[TASK TO CARRY OUT] Begin at the line containing "Konya'da zehir tacirlerine" in the entries below and end at the line containing "Snapshot of marilyndevilish"; transcribe that range exactly and nothing outside it.

────────────────────────────────────────

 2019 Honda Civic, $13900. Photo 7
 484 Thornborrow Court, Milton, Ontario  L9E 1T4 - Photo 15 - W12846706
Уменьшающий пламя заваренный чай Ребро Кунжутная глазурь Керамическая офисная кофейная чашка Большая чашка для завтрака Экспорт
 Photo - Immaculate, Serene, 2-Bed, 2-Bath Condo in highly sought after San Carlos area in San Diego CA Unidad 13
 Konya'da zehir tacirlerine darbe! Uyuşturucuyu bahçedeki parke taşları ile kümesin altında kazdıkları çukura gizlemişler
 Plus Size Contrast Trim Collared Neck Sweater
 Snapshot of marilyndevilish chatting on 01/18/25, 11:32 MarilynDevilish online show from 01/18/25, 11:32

────────────────────────────────────────

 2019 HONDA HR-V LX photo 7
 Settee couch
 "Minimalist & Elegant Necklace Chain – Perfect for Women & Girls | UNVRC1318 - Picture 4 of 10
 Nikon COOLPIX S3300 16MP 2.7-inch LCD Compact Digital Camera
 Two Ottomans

────────────────────────────────────────

[RESPONSE TO THE EXERCISE]
 Konya'da zehir tacirlerine darbe! Uyuşturucuyu bahçedeki parke taşları ile kümesin altında kazdıkları çukura gizlemişler
 Plus Size Contrast Trim Collared Neck Sweater
 Snapshot of marilyndevilish chatting on 01/18/25, 11:32 MarilynDevilish online show from 01/18/25, 11:32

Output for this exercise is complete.